_Input material_
▬▬▬

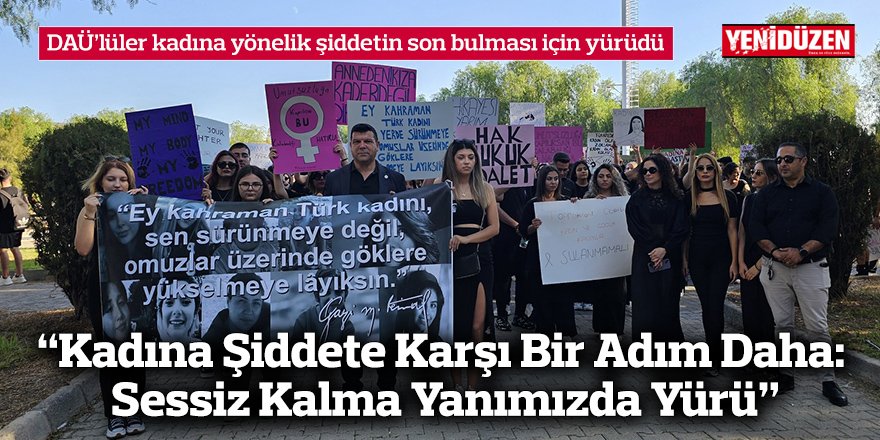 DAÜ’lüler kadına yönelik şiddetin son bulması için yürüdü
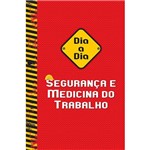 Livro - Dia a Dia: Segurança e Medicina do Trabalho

▬▬▬

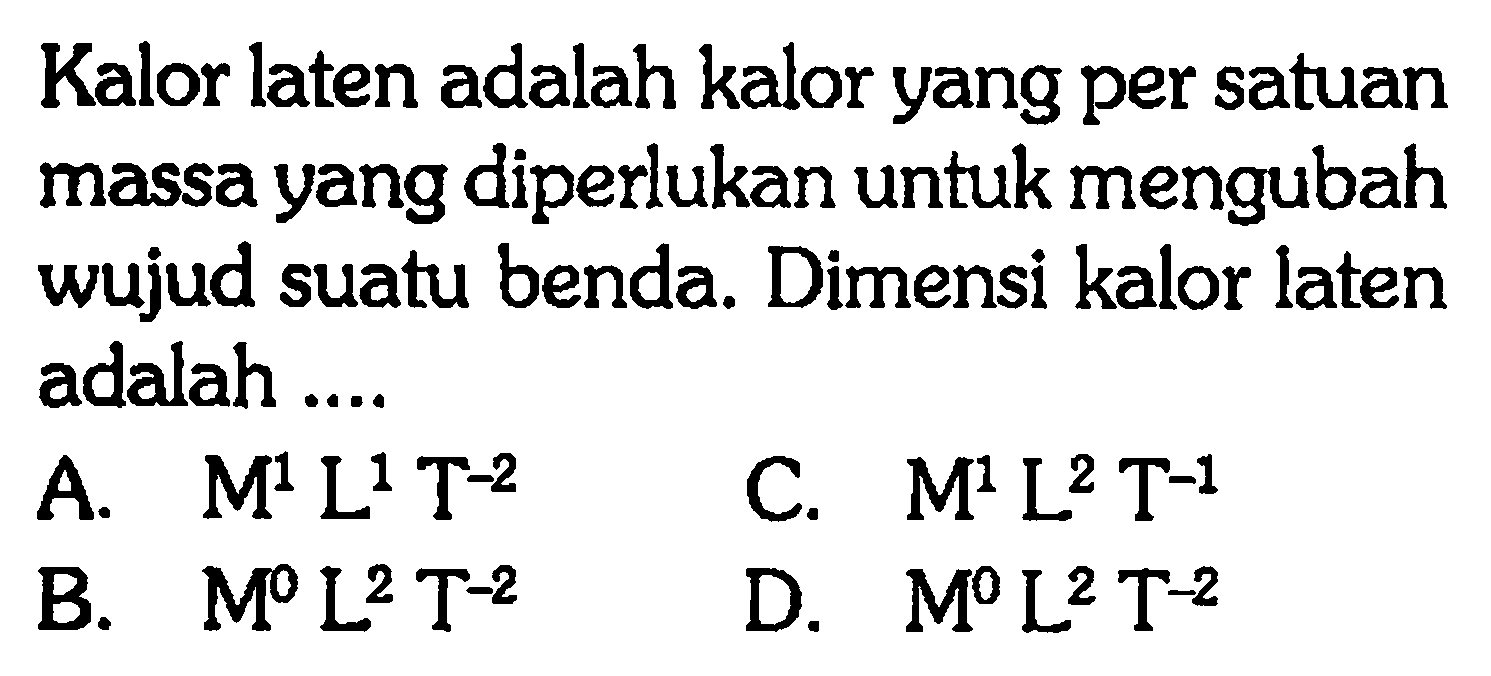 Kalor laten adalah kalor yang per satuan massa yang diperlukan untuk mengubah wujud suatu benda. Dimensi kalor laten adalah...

▬▬▬

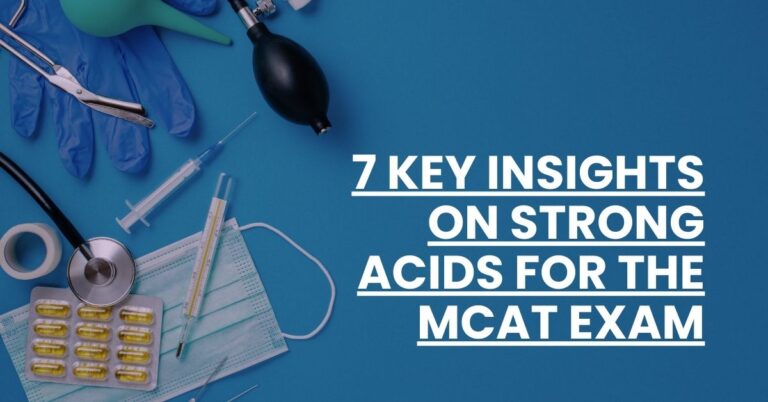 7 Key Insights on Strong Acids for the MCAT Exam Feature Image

▬▬▬

_What the exercise asks_
Look above for the line with "DAÜ’lüler kadına yönelik" and the line with "Livro - Dia", then copy exactly the lines from the first through the second, both kept, with no pictures.

_Reply_
 DAÜ’lüler kadına yönelik şiddetin son bulması için yürüdü
 Livro - Dia a Dia: Segurança e Medicina do Trabalho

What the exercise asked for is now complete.